Council members and finance staff described specific efficiency and organizational actions they say narrowed the FY26 budget gap, including procurement consolidation identified by an Ernst & Young review, voluntary retirements and shifting some services from the general fund to enterprise funds.
Council Member Alcorn said the Ernst & Young review found procurement and organizational inefficiencies and recommended consolidations and category management; he said procurement consolidations and renegotiations were estimated to yield savings (Alcorn cited about $18 million tied to procurement consolidation and a management-savings line in the budget of about $17.175 million).
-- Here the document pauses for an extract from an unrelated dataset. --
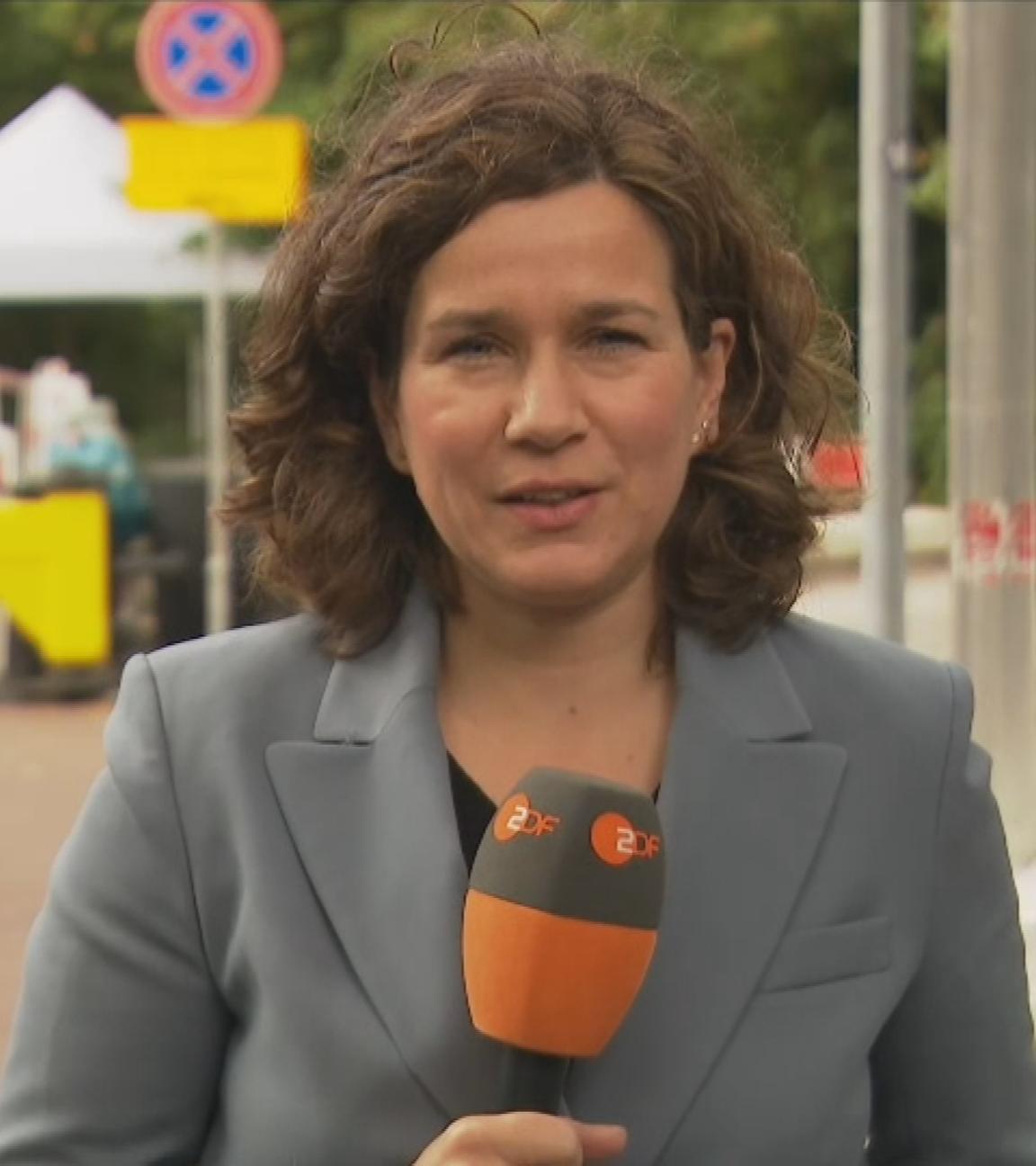 ZDF-Korrespondentin Isabelle Schaefers berichtet vom Nato-Gipfel in Den Haag.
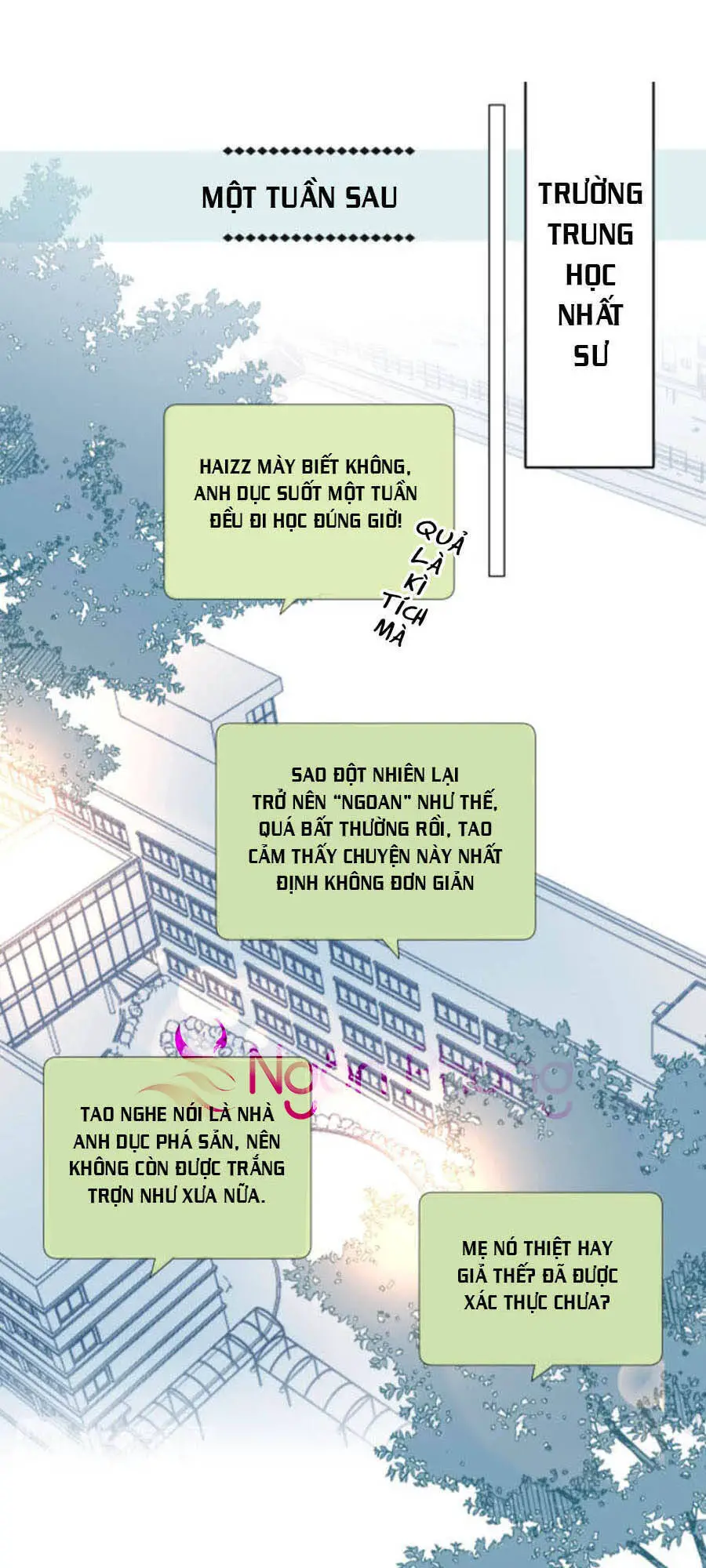 Anh Ấy Rất Hay Trêu Chọc Tôi Nettruyen ZZZ Chương 33 Page 1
Paula Lichampanet explained that several departments were asked to reduce their budgets, that more than 1,000 employees citywide accepted voluntary retirement packages (employees outside police and fire were offered three months' pay), and that some functions — including code enforcement and 311 customer service — are being paid for out of enterprise funds such as water and drainage to reduce pressure on the general fund.
Officials said some savings are immediate (for example, lower payroll after retirements and elimination of vacancy lines) while other savings tied to restructuring and procurement will be realized over time. Lichampanet said the budget includes $70 million in expenditure savings from retiree savings, pension adjustments, streetlight and signal electric savings, OPEB trust implementation and various consolidations.
Officials at the town hall also said Metro is being asked to reimburse roughly $26 million for traffic enforcement and related costs, and that certain program transfers (for example, transfers tied to traffic enforcement) are part of the revenue adjustments included in the FY26 proposal.
Ending: City officials said the efficiency work will continue after budget adoption and that some savings assumed in the FY26 proposal will require implementation and monitoring.